I am a very lucky woman. My father in law, who is a consultant for his day job, also owns a shrimp boat, not for commercial purposes, but purely for leisure (though there isn't much leisure involved with shrimping) and for the ability to get out on the Gulf, amidst the seagulls and the fish, and catch shrimp. In fact, that shrimp boat was the only thing and I mean the ONLY thing belonging to my in-laws that survived Hurricane Katrina.

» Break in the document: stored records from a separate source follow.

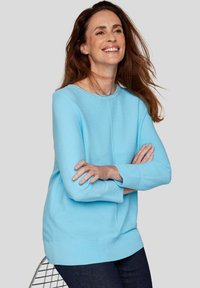 Helle blaue Strickjacke mit Rundhalsausschnitt, langen Ärmeln und gerippten Bündchen; kombiniert mit dunkelblauen Jeans. Glatte Textur, lässiges Design.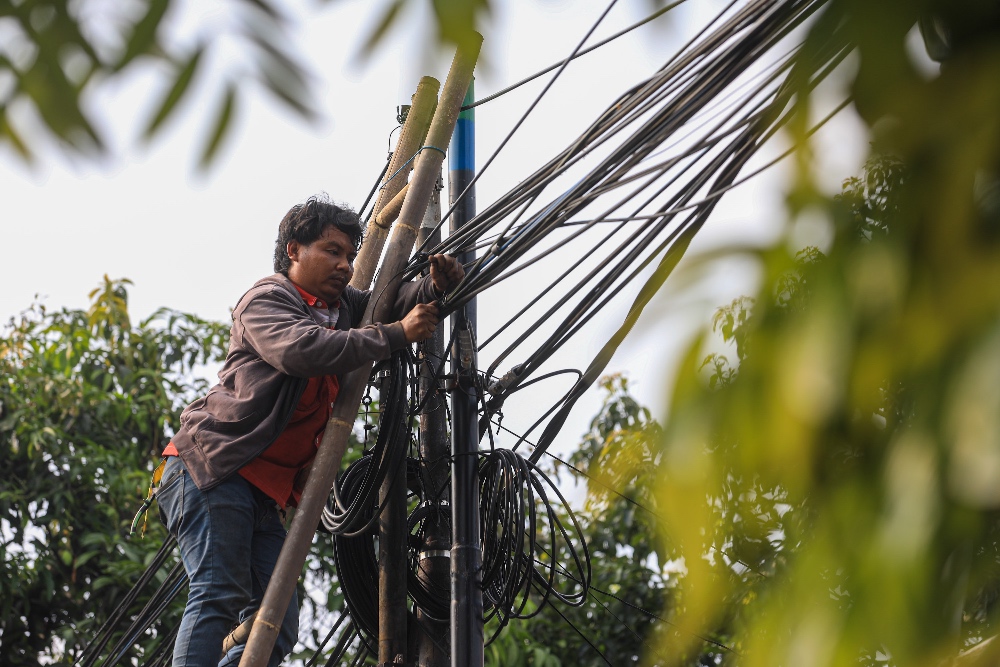 Petugas merapihkan jarigan kabel milik Indihome di Jakarta/JIBI/Bisnis/Abdurachman.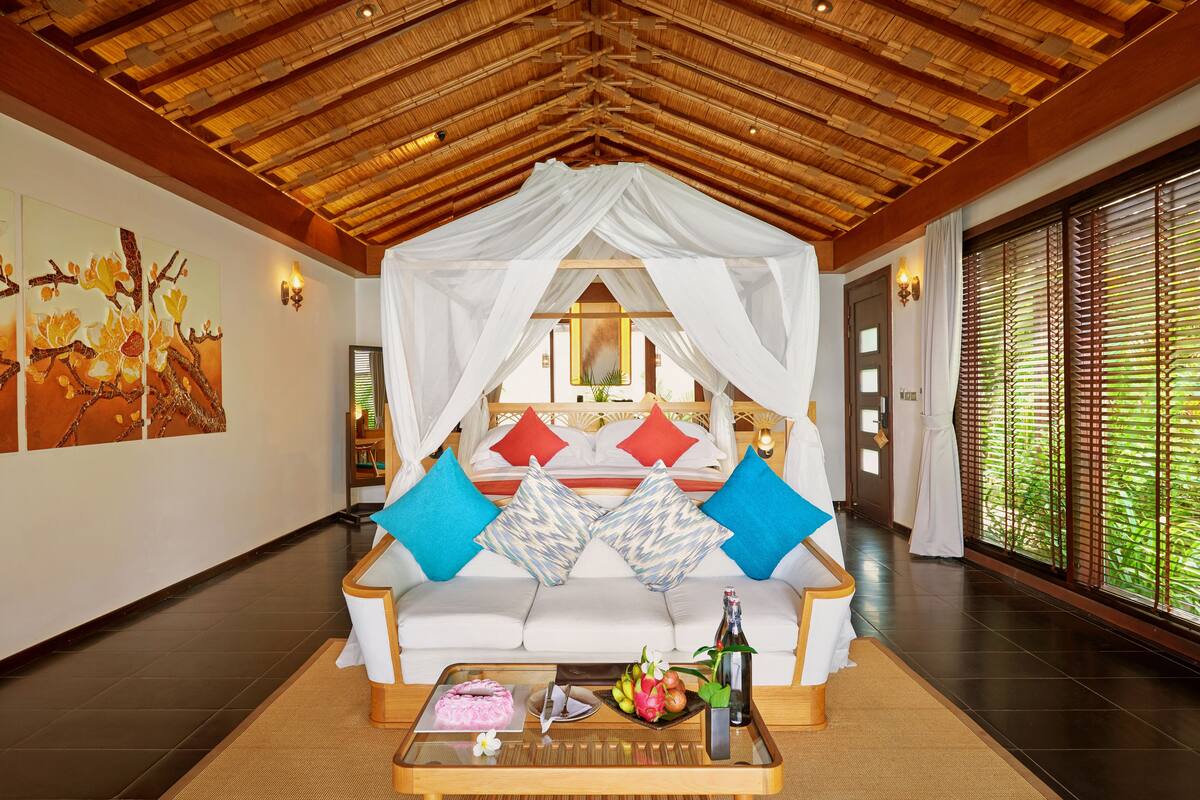 Une chambre avec un lit à baldaquin, un canapé blanc et une table basse sur laquelle se trouvent des fruits et une bouteille.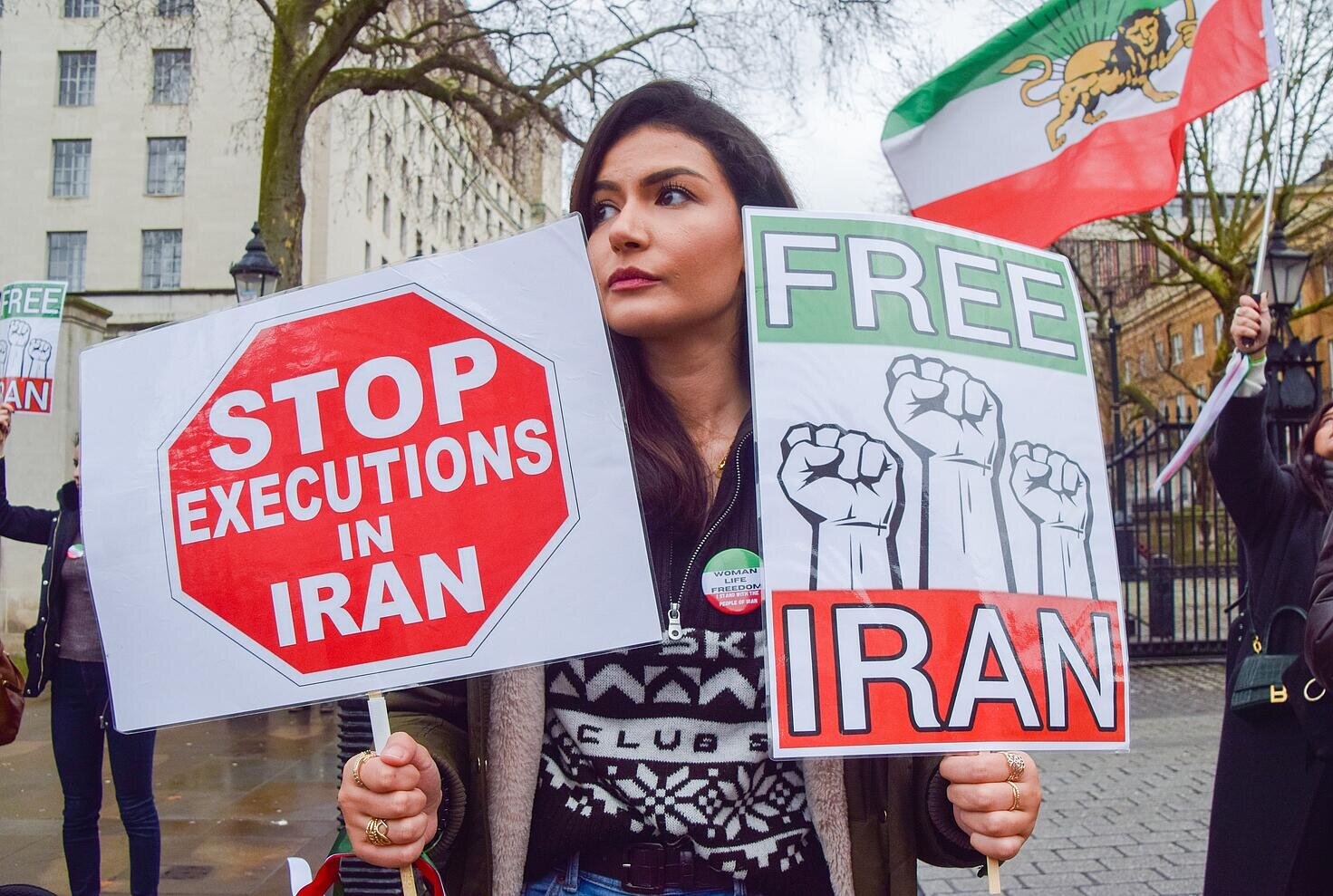 Manifestante con carteles contra la pena de muerte y por la libertad en Irán.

They lived right on a bay that comes off the Gulf and when Katrina came through, they lost everything. I mean literally every single thing they owned. Except for a couple of steps to nowhere, there wasn't a trace of their house or of any of their possessions to be found. Not a single stick of furniture or anything ... but up the road a couple blocks and stuck between a stop sign and some trees, there sat dad's shrimp boat with only minor damage.
Anyway, at the start of every shrimp season in the Gulf of Mexico, dad, my brother in law, and The Cajun go out on the boat in hopes of bringing home a nice catch. In exchange for my husband's strong back, we get fresh Gulf shrimp. This year dad was overseas but The Cajun and his brother got permission to take the boat out and I was the recipient of not one, but two large coolers filled to the brim with shrimp. I did give a good bit away, to my son, friends, neighbors, heck, even the ex-husband - though I did let my son take credit for giving them to him. It sure is wonderful to have fresh Gulf shrimp put up in the freezer.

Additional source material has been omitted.